Multiple drivers/version for the same Controller
This is a really contentious point for us at HP: If we allow say drivers or even different versions of the same driver, e.g. A, B, C to run in parallel, testing will involve to test all the possible (version) combination to avoid potential side effects. That can get extensive really quick. So HP is proposing, given that we will have 100s of controllers any way, to limit the number of drivers per controller to 1 to aide testing. We can revisit that at a future time when our testing capabilities have improved but for now I believe we should choose that to speed things up. I personally don’t see the need for multiple drivers per controller – in an operator grade environment we likely don’t need to “save” on the number of controllers ;-) The only reason we might need two drivers on the same controller is if an Amphora for whatever reason needs to be talked to by two drivers. (e.g. you install nginx and haproxy  and have a driver for each). This use case scares me so we should not allow it.
We also see some operational simplifications from supporting only one driver per controller: If we have an update for driver A we don’t need to touch any controller running Driver B. Furthermore we can keep the old version running but make sure no new Amphora gets scheduled there to let it wind down with attrition and then stop that controller when it doesn’t have any more Amphora to serve.
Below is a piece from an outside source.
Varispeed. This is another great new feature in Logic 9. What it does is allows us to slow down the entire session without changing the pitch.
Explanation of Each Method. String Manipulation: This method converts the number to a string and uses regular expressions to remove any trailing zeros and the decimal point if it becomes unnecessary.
Lastly, I interpreted the word “VM driver” in the spec along the lines what we have in libra: A driver interface on the Amphora agent that abstracts starting/stopping the haproxy if we end up on some different and abstracts writing the haproxy file. But that is for the agent on the Amphora. I am sorry I got confused  that way when reading the 0.5 spec and I am therefore happy we can have that discussion to make things more clear.

German

From: Stephen Balukoff [mailto:sbalukoff at bluebox.net]
Sent: Friday, September 05, 2014 6:26 PM
To: OpenStack Development Mailing List (not for usage questions)
Subject: Re: [openstack-dev] [Octavia] Question about where to render haproxy configurations

Hi German,

Responses in-line:

On Fri, Sep 5, 2014 at 2:31 PM, Eichberger, German <german.eichberger at hp.com<mailto:german.eichberger at hp.com>> wrote:
Hi Stephen,

I think this is a good discussion to have and will make it more clear why we chose a specific design. I also believe by having this discussion we will make the design stronger.  I am still a little bit confused what the driver/controller/amphora agent roles are. In my driver-less design we don’t have to worry about the driver which most likely in haproxy’s case will be split to some degree between controller and amphora device.

Yep, I agree that a good technical debate like this can help both to get many people's points of view and can help determine the technical merit of one design over another. I appreciate your vigorous participation in this process. :)
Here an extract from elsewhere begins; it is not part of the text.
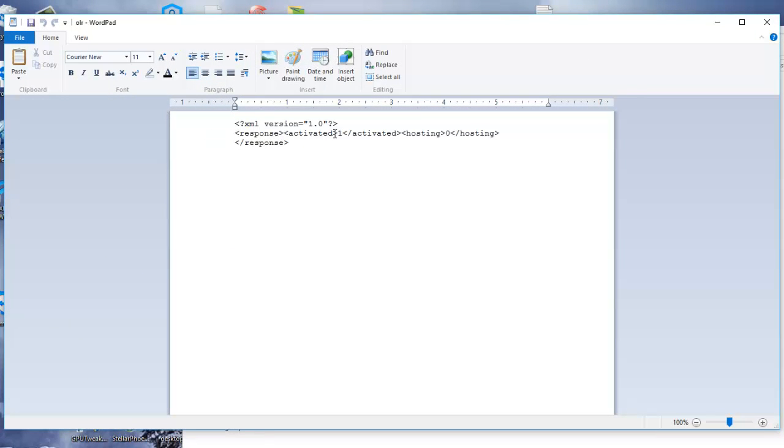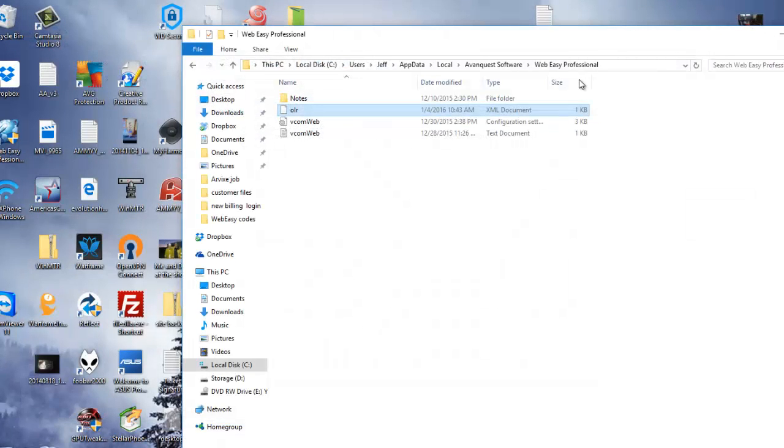You'll see this line that says 'activated=1, hosting=0'. Change that hosting value to a 1, save it, and you're done. You won't get that message anymore.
So, the purpose of the controller / driver / amphora and the responsibilities they have are somewhat laid out in the Octavia v0.5 component design document, but it's also possible that there weren't enough specifics in that document to answer the concerns brought up in this thread. So, to that end in my mind, I see things like the following:

The controller:
* Is responsible for concerns of the Octavia system as a whole, including the intelligence around interfacing with the networking, virtualization, and other layers necessary to set up the amphorae on the network and getting them configured.
* Will rarely, if ever, talk directly to the end-systems or -services (like Neutron, Nova, etc.). Instead it goes through a "clean" driver interface for each of these.
* The controller has direct access to the database where state is stored.
* Must load at least one driver, may load several drivers and choose between them based on configuration logic (ex. flavors, config file, etc.)

The driver:
* Handles all communication to or from the amphorae
* Is loaded by the controller (ie. its interface with the controller is a base class, associated methods, etc. It's objects and code, not a RESTful API.)
* Speaks amphora-specific protocols on the back-end. In the case of the reference "haproxy" amphora, this will most likely be in the form of a RESTful API with an agent on the amp, as well as (probably) HMAC-signed UDP health, status and stats messages from the amp to the driver.

The amphora:
* Does the actual load balancing
* Is managed by the controller through the driver.
* Should be as "dumb" as possible.
* Comes in different types, based on the software in the amphora image. (Though all amps of a given type should be managed by the same driver.) Types might include "haproxy," "nginx," "haproxy + nginx," "3rd party vendor X," etc.
* Should never have direct access to the Octavia database, and therefore attempt to be as stateless as possible, as far as configuration is concerned.

To be honest, our current product does not have a "driver" layer per se, since we only interface with one type of back-end. However, we still render our haproxy configs in the controller. :)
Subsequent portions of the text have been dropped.